Pre-social media, a beer ad would consist of a can of lager with condensation dripping down to emphasize refreshment. Now, the beer can assumes only a secondary role, a prop in the backdrop of a scene of friends enjoying a happy, healthy interaction after work or on the beach.
Millennials buy the experience not the beer, and we have seen many brands reach their consumers by transforming a simple product into an essential part of an aspirational lifestyle. But what other factors do millennials have in common?
Be the change you want to see in the world.
Millennials want to make a difference.
A common method that brands use to give their consumers the feeling that they are a force for positive change in the world is through relationships with good causes – this can be anything from sponsoring an aid program to switching to more environmentally-friendly methods of production or service, for example Bacardi’s high-profile opposition to plastic straws.
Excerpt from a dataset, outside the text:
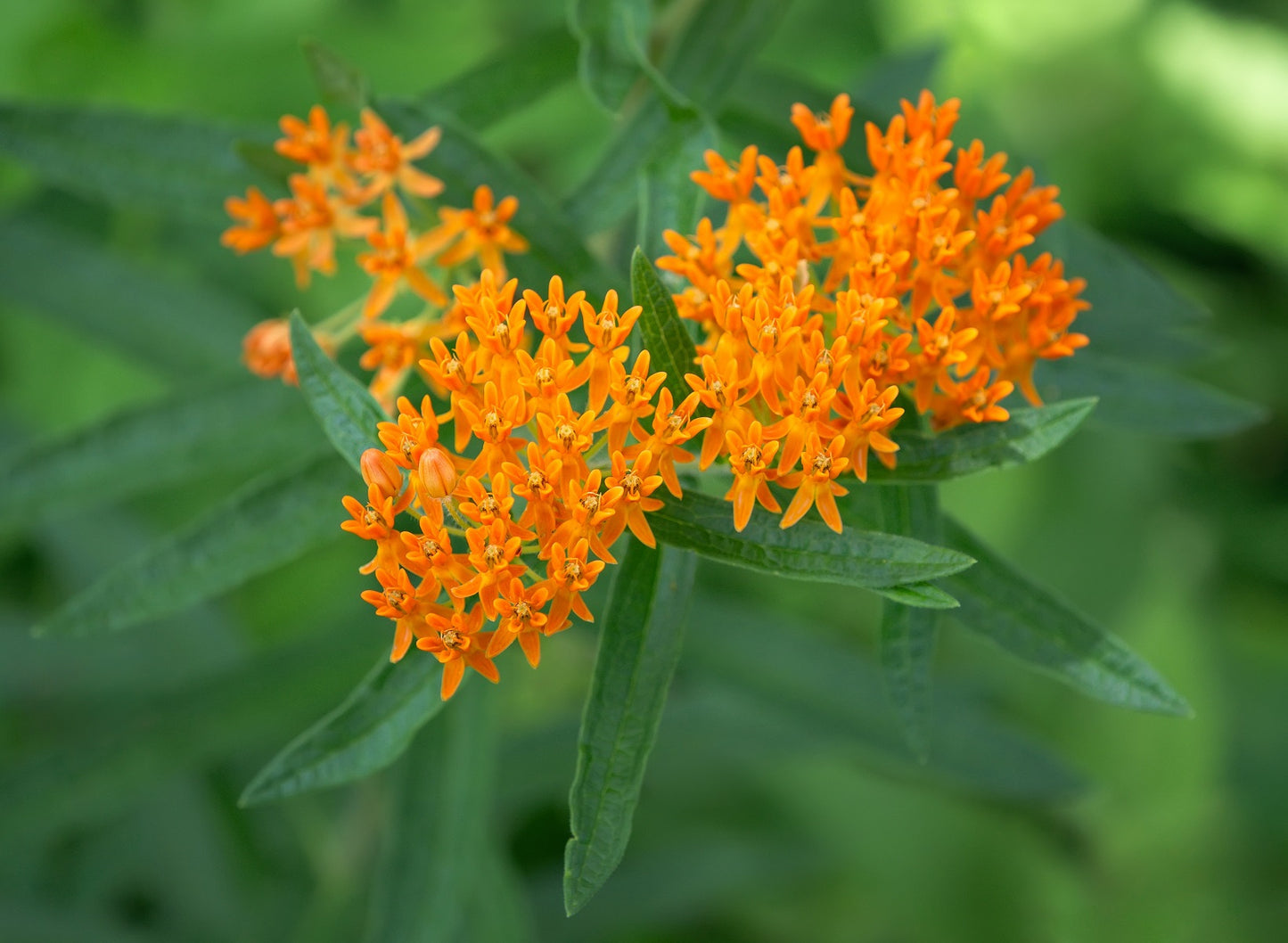 Pleurisy Root – Organic Asclepias Seed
Whatever cause your brand is attached to, the important part (from a marketeer’s point of view) is to get the message out there. A savvy content team can generate a lot of high-quality, sharable content by highlighting these relationships; however, be careful not to overdo it. There is nothing appealing about overt self-congratulation.
Content marketing to Millennials is a double-edged sword, a consumer segment has never been easier to reach nor harder to impress, but isn’t that our challenge as marketeers?